EAST LIVERPOOL – A last-second decision by a local retailer to not offer the usual discount for the annual Cops and Kids program disappointed the city police department and its union.

Chief John Lane said this week that the normal 10 percent discount was applied by the Calcutta Walmart to purchases made for the first group of children during the annual campaign, but when the second and third groups came through the checkout, no discounts were offered.

“Evidently, the store manager made the decision to cancel the (discount). We asked for comment or some explanation from him, but he didn’t provide an explanation to us, nor did he make himself available for a conversation,” according to information provided by East Liverpool Fraternal Order of Police Lodge 29.

“I budgeted for that (discount). If they were going to do that, they should have told us in advance. It’s not hard to get hold of us. We do this every year,” Lane said.

The Cops and Kids program began more than a decade ago, providing warm outerwear, shoes, other clothing and toys for underprivileged children who might otherwise receive little for Christmas.

When it first began, Lane noted, $100 per child was budgeted, but this year, due to the overwhelming generosity of the community, the program was able to budget $200 per child, with $14,381 spent on winter coats, shoes, socks, underwear, clothing and toys for each.

“Walmart has graciously and voluntarily given our tax-exempt program this 10 percent discount every year since the (program) first began. It is fair to say we depend on this discount, or rather, the community – of which Walmart is a part – depends on it,” Lane said.

He pointed out that losing the discount for the second two groups resulted in 20 percent less being available for the kids, and when asked how the FOP made up that loss, Lane said, “I always try to carry extra money for things like this that you can’t predict.”

Lane said, “Obviously, Walmart stores offer low prices, otherwise, why would so many families shop there? On the other side of that thought, however, is that many families have kids that go without things like a winter coat that fits them or a toy that might bring them some joy.”

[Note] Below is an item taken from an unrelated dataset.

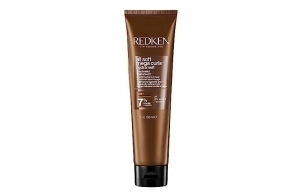 REDKEN, Soin Nourrissant & Hydratant Sans Rinçage, Pour Cheveux Très Secs, Bouclés à Crépus, À l'Aloe Vera, All Soft Mega Curls Hydramelt, 150 ml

He continued, “Although we have no idea what prompted the abrupt cut-off of the discount, we do understand from reports available to the public that Walmart stores are expecting its United States retail sales to be ‘flat’ between now and the end of January 2014, the end of its fiscal year.”

Despite the discount being pulled, Lane added Walmart to the list of those he commended for helping make the program a success again this year, saying 69 children between kindergarten and sixth grade benefited.

He praised those who gave cash donations ranging from a few dollars to as much as a couple thousand dollars, also commending the East Liverpool YMCA for donating free one-year memberships to all the participating children, the Dairy Queen for coupons for each child, the teachers and staff of the city school district and officials of Kids Connect 1 at Woodland Hills for helping find children “who need help the most.”

Lane also commended CARTS for providing a bus and driver, as well as the driver “for having the energy and patience to transport and sit with a bus full of excited kids as well as Keystone Printing, Coles Screen Printing, L&B Catering, Italo’s Pizza and all those officers from the city, St. Clair and Midland police departments and their families who took the kids shopping.

“Every year, we so greatly appreciate the efforts and high spirits of not only our program’s many volunteers but the Walmart employees who enthusiastically help the children on the sales floor and at the store registers,” union officials and Lane said.

Matt Simcox, the manager at the local Walmart said he was not at liberty to discuss the issue and forwarded questions to the company’s media relations department, which did not return a call for comment in time for this article.